The department escalated pressure on Iran on January 15, when OFAC announced sanctions targeting what Treasury called senior Iranian officials tied to a violent crackdown on demonstrators and “shadow banking” networks that it said launder proceeds from petroleum and petrochemical sales. Treasury said the action was taken under multiple executive orders, including authorities tied to human rights abuses and sanctions aimed at Iran’s financial and energy sectors.

Treasury named Ali Larijani, identified in the release as the secretary of Iran’s Supreme Council for National Security, among those sanctioned, and said it also targeted 18 individuals and entities allegedly involved in laundering proceeds from Iranian petroleum and petrochemical sales. The department cited what it described as a “maximum economic pressure” campaign against sanctions evasion networks and said it sanctioned more than 875 persons, vessels and aircraft in 2025 as part of that effort.

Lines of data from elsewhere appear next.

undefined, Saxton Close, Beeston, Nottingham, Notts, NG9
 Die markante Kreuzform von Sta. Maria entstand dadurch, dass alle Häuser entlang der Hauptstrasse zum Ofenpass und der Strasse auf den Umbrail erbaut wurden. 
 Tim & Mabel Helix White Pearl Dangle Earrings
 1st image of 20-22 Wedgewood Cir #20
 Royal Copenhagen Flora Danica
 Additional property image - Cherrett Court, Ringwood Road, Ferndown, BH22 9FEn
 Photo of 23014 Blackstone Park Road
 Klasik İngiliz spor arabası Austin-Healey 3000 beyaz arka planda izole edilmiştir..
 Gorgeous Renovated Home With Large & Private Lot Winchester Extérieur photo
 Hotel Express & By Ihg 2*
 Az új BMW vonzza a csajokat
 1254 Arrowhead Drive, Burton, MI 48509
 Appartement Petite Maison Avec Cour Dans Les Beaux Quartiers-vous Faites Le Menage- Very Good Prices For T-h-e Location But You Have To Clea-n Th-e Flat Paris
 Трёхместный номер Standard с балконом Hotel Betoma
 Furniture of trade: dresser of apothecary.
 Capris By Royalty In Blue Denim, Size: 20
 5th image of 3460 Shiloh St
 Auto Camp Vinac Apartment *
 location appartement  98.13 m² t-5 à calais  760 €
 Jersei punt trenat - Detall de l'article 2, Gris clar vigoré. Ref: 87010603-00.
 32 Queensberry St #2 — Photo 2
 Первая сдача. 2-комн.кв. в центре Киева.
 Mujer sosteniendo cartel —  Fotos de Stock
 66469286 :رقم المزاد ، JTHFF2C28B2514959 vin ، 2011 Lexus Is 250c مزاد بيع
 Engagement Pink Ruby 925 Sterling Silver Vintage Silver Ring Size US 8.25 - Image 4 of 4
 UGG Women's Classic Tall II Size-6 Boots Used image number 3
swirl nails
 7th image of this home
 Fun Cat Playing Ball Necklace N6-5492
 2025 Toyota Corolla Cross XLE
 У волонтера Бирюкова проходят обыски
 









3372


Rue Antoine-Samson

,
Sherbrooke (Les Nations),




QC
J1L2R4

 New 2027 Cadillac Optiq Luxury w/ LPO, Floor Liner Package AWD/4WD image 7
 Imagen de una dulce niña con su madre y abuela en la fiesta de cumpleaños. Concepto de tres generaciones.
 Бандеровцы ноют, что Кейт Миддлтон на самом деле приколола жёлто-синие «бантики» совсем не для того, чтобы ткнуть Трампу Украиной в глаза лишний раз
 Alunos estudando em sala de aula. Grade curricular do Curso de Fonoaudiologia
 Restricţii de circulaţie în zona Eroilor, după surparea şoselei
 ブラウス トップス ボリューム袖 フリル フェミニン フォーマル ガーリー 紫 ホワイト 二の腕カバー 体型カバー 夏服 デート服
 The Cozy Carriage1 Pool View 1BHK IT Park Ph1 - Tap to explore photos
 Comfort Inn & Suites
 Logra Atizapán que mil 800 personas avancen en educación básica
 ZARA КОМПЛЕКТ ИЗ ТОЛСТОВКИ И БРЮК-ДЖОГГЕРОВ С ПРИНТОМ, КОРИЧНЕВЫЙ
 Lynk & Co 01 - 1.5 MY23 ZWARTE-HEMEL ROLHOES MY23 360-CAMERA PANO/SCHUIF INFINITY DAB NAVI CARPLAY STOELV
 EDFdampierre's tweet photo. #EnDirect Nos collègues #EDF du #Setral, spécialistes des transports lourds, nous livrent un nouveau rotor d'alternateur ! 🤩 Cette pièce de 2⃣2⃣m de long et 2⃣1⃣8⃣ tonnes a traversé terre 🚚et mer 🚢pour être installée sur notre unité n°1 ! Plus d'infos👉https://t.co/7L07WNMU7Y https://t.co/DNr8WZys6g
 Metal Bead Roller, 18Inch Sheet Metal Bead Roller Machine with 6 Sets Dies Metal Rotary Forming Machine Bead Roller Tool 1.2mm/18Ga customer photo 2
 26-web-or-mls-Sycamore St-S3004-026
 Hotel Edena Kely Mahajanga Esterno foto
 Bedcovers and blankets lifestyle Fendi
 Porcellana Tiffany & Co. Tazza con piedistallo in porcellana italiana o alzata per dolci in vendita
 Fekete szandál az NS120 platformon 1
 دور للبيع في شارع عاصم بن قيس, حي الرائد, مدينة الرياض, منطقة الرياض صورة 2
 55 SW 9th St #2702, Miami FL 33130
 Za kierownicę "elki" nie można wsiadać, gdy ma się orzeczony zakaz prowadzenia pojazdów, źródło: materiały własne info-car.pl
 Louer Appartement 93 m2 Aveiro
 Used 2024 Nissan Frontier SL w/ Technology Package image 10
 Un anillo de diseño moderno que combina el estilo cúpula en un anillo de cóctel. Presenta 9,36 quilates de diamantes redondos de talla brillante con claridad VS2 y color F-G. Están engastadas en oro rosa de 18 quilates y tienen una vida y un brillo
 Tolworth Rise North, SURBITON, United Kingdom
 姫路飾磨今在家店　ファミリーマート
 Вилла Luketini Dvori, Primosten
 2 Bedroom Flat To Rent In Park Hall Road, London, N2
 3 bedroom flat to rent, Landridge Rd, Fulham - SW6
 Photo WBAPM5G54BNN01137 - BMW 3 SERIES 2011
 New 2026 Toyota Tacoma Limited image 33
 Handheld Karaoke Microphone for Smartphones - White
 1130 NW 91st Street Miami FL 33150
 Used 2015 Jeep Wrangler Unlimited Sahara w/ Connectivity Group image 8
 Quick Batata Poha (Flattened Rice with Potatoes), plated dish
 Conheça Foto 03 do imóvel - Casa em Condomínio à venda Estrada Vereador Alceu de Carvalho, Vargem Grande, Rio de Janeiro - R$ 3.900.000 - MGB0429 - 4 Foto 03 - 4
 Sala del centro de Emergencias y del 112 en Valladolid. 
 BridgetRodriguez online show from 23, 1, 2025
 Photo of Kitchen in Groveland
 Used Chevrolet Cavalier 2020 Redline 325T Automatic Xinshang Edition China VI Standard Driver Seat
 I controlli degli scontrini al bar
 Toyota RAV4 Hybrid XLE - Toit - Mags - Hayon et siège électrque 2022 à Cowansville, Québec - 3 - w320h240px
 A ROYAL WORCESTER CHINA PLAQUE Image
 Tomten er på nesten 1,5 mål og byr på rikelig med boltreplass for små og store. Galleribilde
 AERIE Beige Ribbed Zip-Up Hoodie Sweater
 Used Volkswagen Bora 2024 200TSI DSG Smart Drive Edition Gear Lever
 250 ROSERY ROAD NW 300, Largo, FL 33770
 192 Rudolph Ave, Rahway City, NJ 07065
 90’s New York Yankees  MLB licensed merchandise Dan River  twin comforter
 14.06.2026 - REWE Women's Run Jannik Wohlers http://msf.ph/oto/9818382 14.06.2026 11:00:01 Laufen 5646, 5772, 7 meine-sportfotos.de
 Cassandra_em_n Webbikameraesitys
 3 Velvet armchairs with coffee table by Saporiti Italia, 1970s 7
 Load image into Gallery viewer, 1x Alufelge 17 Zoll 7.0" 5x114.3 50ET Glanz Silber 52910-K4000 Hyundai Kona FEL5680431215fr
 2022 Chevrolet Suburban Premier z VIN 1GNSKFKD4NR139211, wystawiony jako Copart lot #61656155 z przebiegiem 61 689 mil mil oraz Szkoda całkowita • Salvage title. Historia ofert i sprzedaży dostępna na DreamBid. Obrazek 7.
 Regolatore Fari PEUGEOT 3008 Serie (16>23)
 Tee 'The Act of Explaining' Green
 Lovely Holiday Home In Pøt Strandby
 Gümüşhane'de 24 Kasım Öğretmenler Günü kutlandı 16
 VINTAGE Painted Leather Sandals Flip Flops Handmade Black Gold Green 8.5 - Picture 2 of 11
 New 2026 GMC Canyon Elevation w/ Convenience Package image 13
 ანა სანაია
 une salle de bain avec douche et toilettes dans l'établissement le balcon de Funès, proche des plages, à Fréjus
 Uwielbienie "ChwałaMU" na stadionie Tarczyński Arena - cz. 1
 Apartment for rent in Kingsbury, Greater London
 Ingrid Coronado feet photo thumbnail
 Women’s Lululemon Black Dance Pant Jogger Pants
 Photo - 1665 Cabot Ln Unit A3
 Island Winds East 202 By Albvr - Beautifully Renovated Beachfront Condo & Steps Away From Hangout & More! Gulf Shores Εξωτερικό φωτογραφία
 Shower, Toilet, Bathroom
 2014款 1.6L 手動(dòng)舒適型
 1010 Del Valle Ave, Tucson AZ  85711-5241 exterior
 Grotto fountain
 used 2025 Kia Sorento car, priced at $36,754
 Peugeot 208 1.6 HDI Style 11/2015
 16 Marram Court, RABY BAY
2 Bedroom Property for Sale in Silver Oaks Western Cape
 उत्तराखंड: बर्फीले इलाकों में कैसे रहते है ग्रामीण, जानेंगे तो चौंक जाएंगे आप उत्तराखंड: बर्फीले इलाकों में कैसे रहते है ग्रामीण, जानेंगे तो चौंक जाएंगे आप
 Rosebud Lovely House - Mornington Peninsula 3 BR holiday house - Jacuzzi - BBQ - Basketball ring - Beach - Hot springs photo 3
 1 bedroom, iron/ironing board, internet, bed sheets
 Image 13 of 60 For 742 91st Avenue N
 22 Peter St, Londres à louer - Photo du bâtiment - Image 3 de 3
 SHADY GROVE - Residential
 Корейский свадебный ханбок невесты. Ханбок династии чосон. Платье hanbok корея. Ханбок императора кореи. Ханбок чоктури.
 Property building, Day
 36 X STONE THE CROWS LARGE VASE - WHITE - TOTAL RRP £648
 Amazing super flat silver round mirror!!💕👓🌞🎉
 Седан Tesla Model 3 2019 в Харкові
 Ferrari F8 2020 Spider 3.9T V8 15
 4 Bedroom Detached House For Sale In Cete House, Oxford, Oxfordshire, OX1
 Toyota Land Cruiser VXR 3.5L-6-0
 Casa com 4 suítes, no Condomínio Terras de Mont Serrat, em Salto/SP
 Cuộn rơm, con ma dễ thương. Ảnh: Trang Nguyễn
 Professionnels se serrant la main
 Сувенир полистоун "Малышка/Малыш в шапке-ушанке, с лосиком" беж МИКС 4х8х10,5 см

On January 16, Treasury announced another OFAC action, designating 21 individuals and entities and identifying one vessel it said were involved in transferring oil products, procuring weapons and dual-use equipment, and providing financial services for Ansarallah — the Iran-backed group commonly known as the Houthis. Treasury said the designations target financial conduits between Iran and the Houthis, as well as facilitators and front companies in Yemen, Oman and the United Arab Emirates that it said support revenue generation and smuggling.

Treasury described the action as building on prior steps taken after the State Department designated Ansarallah a Specially Designated Global Terrorist in February 2024 and later a Foreign Terrorist Organization in March 2025. The department said the Houthis generate more than $2 billion annually through illicit oil sales and alleged that Iran sells and provides a free monthly shipment of oil to the group using Iranian-owned or affiliated companies based in Dubai.

Across the actions, Treasury repeatedly said its aim is to sever access to money and logistics that sustain militant groups and hostile state actors, while tightening enforcement against domestic fraud schemes. The department also noted that sanctions are designed to change behavior and that OFAC can remove parties from the sanctions list consistent with the law.